The evidence also shows that the parties executed wills in October 2016 that made the other party a beneficiary. In August 2016, the review applicant made the visa applicant a beneficiary of her life insurance policy. In January 2017, the review applicant made the visa applicant a beneficiary of her superannuation account.
Based on this evidence, the Tribunal finds that the parties do not have any joint ownership of real estate or other assets, nor do they have any joint liabilities. It finds that the review applicant, with others, had been supporting the visa applicant during the time he was in Australia and without work rights, and finds that she continues to offer some monetary support to him from Australia. It accepts that the parties have integrated their finances to some extent albeit that the contributions from the parties are not equal. It finds that the review applicant owes some legal obligations to the visa applicant.
The Tribunal is satisfied that the financial aspects of the relationship indicate that the parties have been in a genuine and continuing relationship at the time of application and at the time of this decision.
Nature of the household
The parties do not claim to have any children of the relationship. The review applicant has a son whom she claims is the product of a previous relationship. The evidence provided suggests that the visa applicant took an active interest in the care and support of the review applicant’s son. At hearing, the review applicant told the Tribunal that the visa applicant is a father figure to her son.
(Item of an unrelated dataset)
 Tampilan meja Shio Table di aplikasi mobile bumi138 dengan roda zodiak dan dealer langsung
The parties have submitted numerous pieces of evidence that seek to attest to them living together at an address in Preston until the visa applicant left Australia in February 2017, including correspondence addressed to them. The parties claim that the review applicant and her brother had been living at this address for a number of years before the visa applicant came to live with them in March 2015. The parties claim that the review applicant’s brother moved out thereafter and the parties lived there with the review applicant’s son.
In her decision, the delegate stated her belief that while the parties had been living together, she was not satisfied that they lived together as spouses. Based on other evidence, some of which was not in front of the delegate, the Tribunal has come to a different conclusion and accepts that the parties had established a common household under the same roof at around the time of application which was just after the visa applicant travelled offshore.
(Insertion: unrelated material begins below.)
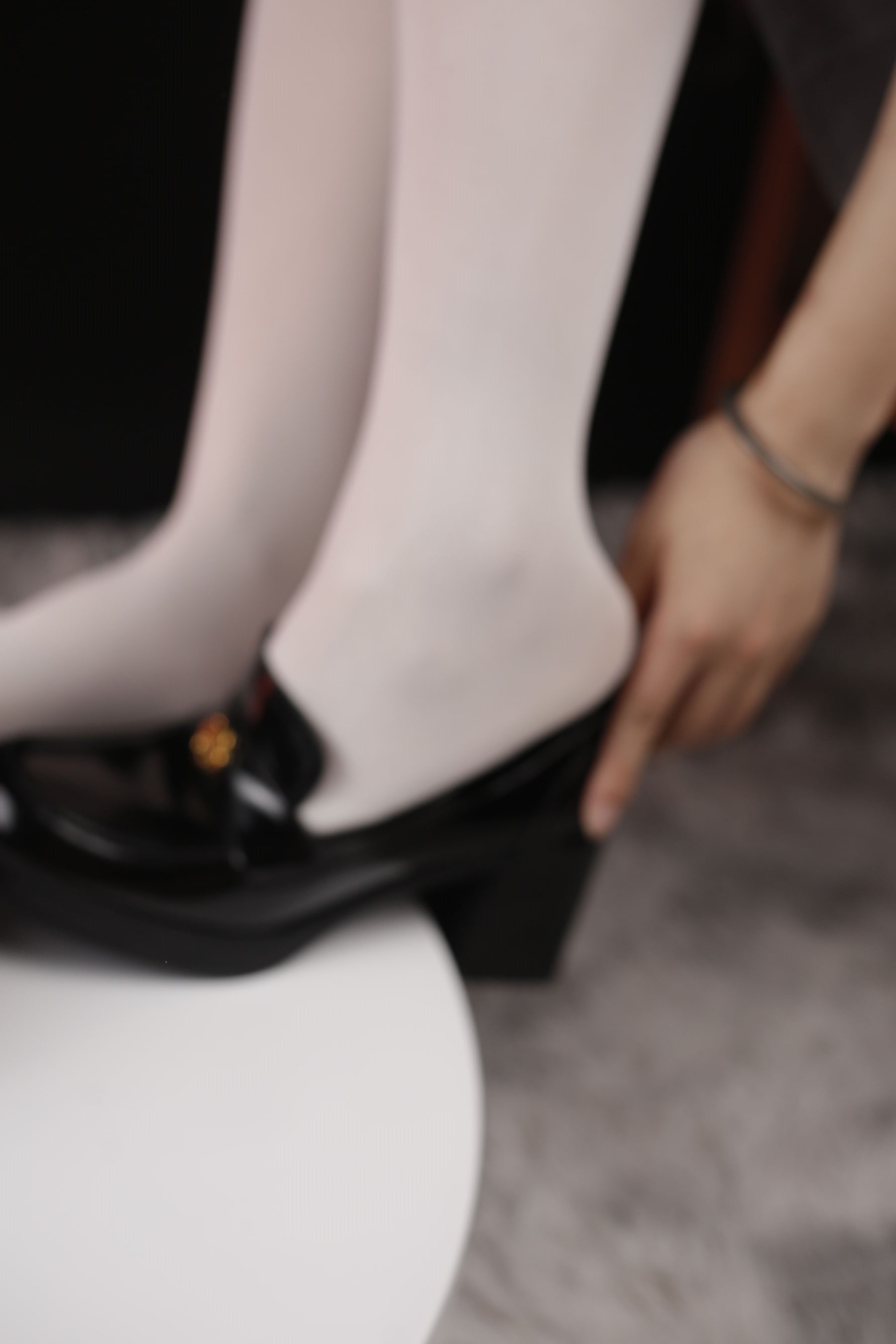 小糖果 微甜 - 白丝黑色高跟  第29张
In relation to the period after the visa applicant returned to India in February 2017 until now, the Tribunal has considered evidence such as travel documents and photographs showing that the review applicant has travelled with her son to visit the visa applicant on a number of occasions, as well as to Thailand in late-2019. The Tribunal considers that the parties were able to continue their common household during these times, and at other times were able to offer each other the support such that they did not live separately and apart on a permanent basis.
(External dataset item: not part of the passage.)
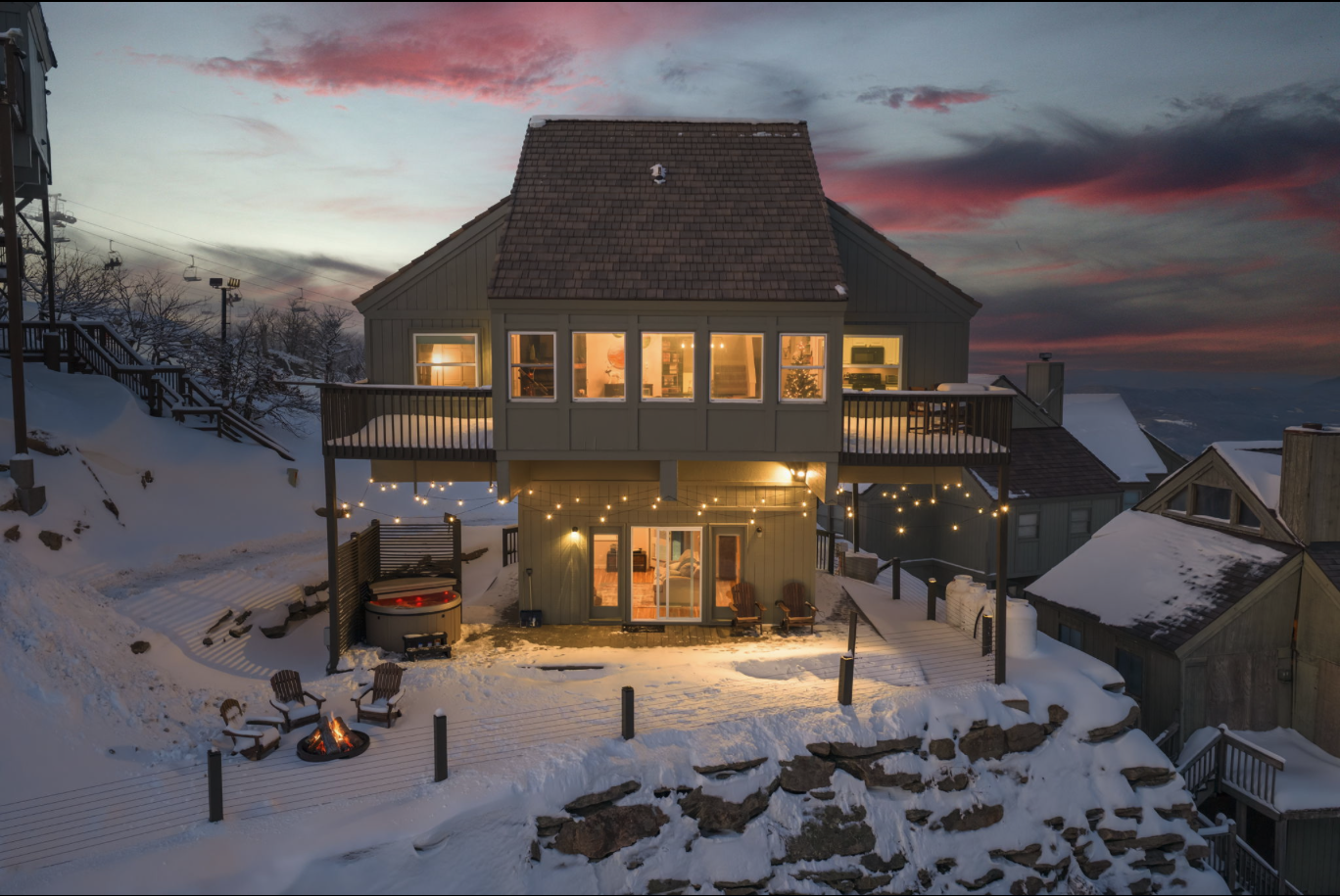 Top of Beech chalet exterior with mountain views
The Tribunal accepts that the evidence provided substantiates a finding that the parties have not been living separately and apart on a permanent basis at the time of application and at the time of this decision.
Social aspects of the relationship
The parties have submitted a number of declarations and other letters from friends and family on both sides, as well as a number of the review applicant’s co-workers. They have also submitted numerous photographs of themselves and the Tribunal notes that most of these show them in the company of other people and many are taken at social gatherings involving the visa applicant’s family in India. These pieces of evidence demonstrate to the Tribunal that the parties have represented themselves to and are recognised by a large number of people as being in a married relationship. They are given substantial weight by it.
In terms of the basis on which the parties plan and undertake joint social activities, the Tribunal has considered evidence showing that they have undertaken joint travel to Thailand in late-2019, and have attended social activities while in India. This evidence is given weight.
The Tribunal is aware of the delegate’s adverse finding in relation to the apparent lack of knowledge of the parties’ marriage by the visa applicant’s aunt and his erstwhile neighbours (by the time of the site visit, he and his family had moved). To recall, none of the people interviewed in that site visit professed to be aware that he was married at that stage. The Tribunal does not think it is overstating the point to say that this was decisive in the delegate’s decision to refuse the visa.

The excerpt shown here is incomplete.